In a historical period where environmental issues are on the front page of all the world news, the nautical sector could not avoid playing its part in safeguarding nature: ecology enters the companies of the section as a life philosophy and as a fundamental principle on which to aim for a more responsible and eco-sustainable future.
Dutch company Sinot Yacht Architecture & Design presented its first eco-friendly yacht at Monaco Yacht Show. The concept, called Aqua, is 112 meters long, in addition to being equipped with 5 decks, a yoga studio, a beauty salon, a massage room, and a cascading pool.
Aqua is fueled by liquified hydrogen, stored at extremely low temperatures, in vacuum-isolated tanks. A spiral staircase in the centre of the yacht leads to the bottom deck where the 28-ton tanks set behind strengthened glass, designed to keep the liquid hydrogen stable at -253° C.
Despite being only a concept at the moment, Aqua would be capable of running at 17 knots of speed, with an autonomy of more than 6.000 kilometres.

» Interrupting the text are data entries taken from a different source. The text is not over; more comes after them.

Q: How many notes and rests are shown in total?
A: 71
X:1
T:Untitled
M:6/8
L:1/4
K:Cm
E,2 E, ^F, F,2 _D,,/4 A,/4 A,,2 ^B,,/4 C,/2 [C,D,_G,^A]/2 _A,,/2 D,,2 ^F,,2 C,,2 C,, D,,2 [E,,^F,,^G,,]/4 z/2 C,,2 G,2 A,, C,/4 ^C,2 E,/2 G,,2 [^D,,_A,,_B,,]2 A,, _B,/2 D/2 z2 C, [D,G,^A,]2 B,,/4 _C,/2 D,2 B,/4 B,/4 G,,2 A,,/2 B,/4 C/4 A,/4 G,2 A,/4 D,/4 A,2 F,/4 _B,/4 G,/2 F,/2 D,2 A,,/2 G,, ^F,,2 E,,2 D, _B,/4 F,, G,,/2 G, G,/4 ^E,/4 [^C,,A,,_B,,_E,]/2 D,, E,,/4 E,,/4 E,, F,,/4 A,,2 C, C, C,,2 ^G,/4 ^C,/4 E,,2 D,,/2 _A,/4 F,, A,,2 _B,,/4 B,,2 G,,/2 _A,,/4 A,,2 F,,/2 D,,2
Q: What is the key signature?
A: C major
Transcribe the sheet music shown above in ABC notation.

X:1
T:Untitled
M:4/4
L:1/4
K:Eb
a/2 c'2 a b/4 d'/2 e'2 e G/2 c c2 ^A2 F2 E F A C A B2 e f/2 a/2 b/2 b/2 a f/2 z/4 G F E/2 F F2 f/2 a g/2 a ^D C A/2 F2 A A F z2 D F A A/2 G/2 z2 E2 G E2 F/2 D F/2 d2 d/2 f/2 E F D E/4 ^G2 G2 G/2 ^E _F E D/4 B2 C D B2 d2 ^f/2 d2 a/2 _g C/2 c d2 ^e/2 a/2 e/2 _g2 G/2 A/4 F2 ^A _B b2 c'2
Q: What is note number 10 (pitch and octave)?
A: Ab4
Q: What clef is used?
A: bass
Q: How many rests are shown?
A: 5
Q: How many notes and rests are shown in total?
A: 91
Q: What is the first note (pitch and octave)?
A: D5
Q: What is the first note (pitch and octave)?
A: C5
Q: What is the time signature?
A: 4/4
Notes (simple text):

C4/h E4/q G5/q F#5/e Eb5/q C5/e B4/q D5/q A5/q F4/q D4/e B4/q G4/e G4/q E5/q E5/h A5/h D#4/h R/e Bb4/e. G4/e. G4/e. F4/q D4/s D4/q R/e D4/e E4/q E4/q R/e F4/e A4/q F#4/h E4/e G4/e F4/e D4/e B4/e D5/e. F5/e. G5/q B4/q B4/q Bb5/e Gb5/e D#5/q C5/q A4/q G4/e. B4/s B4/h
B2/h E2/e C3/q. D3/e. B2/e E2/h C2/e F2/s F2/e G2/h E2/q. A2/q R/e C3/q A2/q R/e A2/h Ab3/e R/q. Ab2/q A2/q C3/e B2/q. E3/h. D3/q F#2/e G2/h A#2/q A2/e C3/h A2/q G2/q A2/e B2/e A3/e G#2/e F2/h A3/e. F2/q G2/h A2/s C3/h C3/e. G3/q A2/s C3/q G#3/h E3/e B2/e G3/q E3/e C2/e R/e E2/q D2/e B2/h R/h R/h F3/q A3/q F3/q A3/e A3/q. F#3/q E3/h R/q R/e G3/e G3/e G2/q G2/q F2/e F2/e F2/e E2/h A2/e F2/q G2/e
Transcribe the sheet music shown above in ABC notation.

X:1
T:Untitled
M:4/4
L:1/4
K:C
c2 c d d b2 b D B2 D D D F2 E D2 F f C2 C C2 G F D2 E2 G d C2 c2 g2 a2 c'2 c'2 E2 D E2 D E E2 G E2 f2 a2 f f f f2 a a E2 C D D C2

Simply converting liquid hydrogen into electrical energy by proton exchange membrane (PEM) fuel cells, water is the only by-product.
The sharp-shaped superyacht would accommodate 14 guests and 31 crew members, offering a high-end indoor health and wellness center featuring a gym, a hydro-massage room and a yoga studio, as well as indoor-outdoor entertaining spaces and a formal dining area.
Entirely designed with a hit of Japanese influence for the interior, Aqua’s exterior look is inspired by ocean swells with a sculpted hull intersected by glass windows. Additionally, Aqua provides an observatory on its bow, accommodating 2 people to enjoy the view of the sea through giant windows, and a helipad.
Another interesting project about sustainable sea travel is the X Shore Eelex 8000: a 100% electric propulsion boat, launched by the Swedish company X Shore, which appears to be the first floating Tesla.